What Grupp seems to be saying is that a transcendent being not located in a space-time Universe or not located in any sort of spatial space-time realm cannot communicate or interact with anything that actually exists in a spatial space-time Universe because a relation between a state of nothingness in some other realm an a state of somethingness in this realm cannot possibly obtain, for exemplification of the relation in either realm would require not only some conveniently (but unwarranted) presumed boundary crossing action but that the relation's complementary other exemplification would have to be of the same nature. But this is impossible, for nothingness cannot be somethingness and somethingness cannot be nothingness. Grupp's argument is very strong it seems to me because all the theist can do in response is to whine something about magic or mystery. But when we consider the total lack of valid evidence for the supernatural it becomes apparent Grupp's argument explains why nowhere and no place throughout human history is there a valid instance of the supernatural. This explanatory power and the conservative nature (no ad hoc assumptions) of Grupp makes his argument effective in refuting the notion of a God. But the god of classical theism is necessarily defined as the one and only possible creator of any possible universe in any possible world. Hence, if it is not impossible for a universe in some possible world to come about by natural causes or uncaused at all, then GCT does not exist. Grupp's effort is to show why (based on the impossibility of a "Being" located in a non-space-time transcendent non-location interacting or communicating or relating to anything that does exist and is located in a space-time spacial universe) GCT can fail to be the creator of a space-time (spacial) universe since a transcendent GCT must be able to relate in an unmediated attachment to some existent in a spacial space-time universe. Since it is not impossible for GCT to fail to be the creator of all possible universes in all possible worlds, then GCT as defined by classical theism does not exist.

Anonymous said...

Hi Scott, Robert,
thanks for dropping by! Its good to see you again scott!

And robert_b,
I saw you post something else somewhere that correlates to something I read recently in "how to measure anything".

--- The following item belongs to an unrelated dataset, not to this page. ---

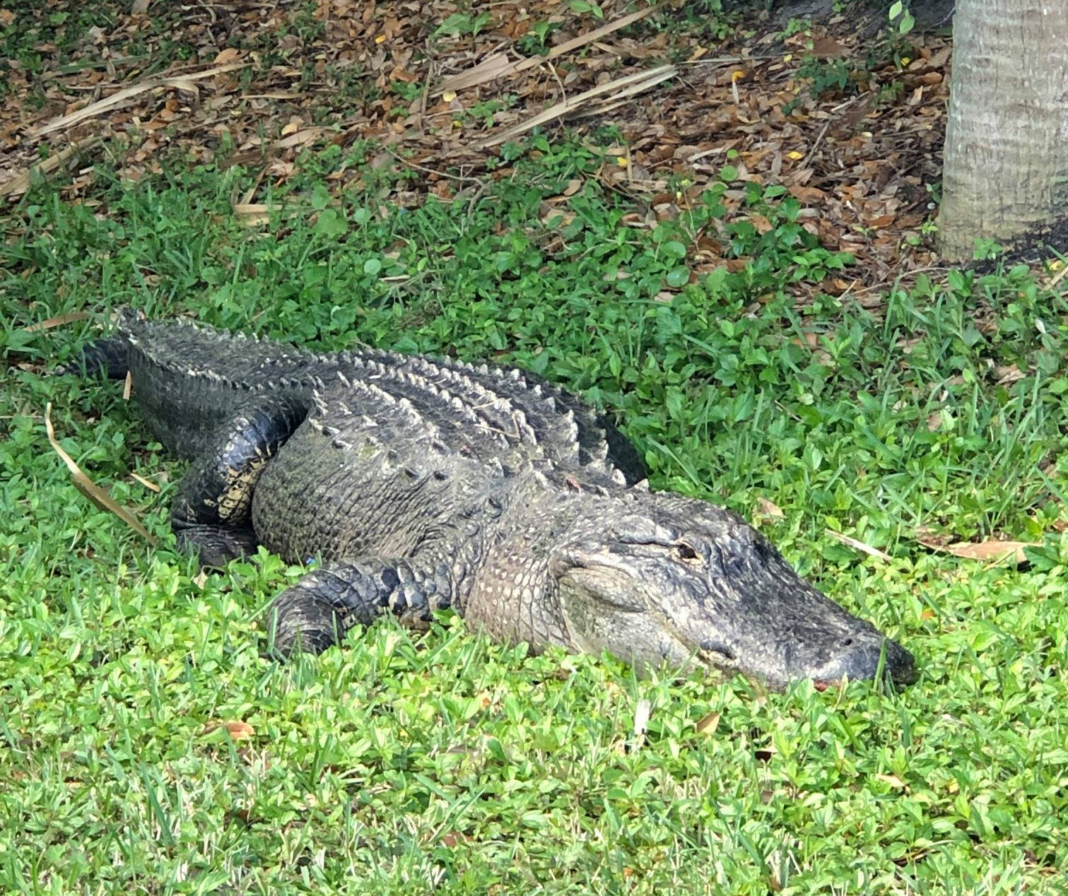 Florida Alligator Hunters Catch 13 Foot 750 Pound Gator The Largest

you said something like anything that can't be defined can't exist.
I agree, anything that exists has to have parameters, or else it is everything including me.

If nothing else, my boundaries delineate at least one boundary for God.

I think Christianies staying power lies in its ambiguity, and a smart guy once said
"defining the problem is half the solution" so if we can get them to define what it is they think they know, my guess is they will realize they don't really know anything and must necessarily be agnostic.

My attack on the quality of information in the bible is one way to do that.

Unknown said...

Mr. Randolph

Thank you for your kind and cogent reply. Your blog posts are a joy to read. Your mind is keen, and I look forward to reading your posts in greater detail.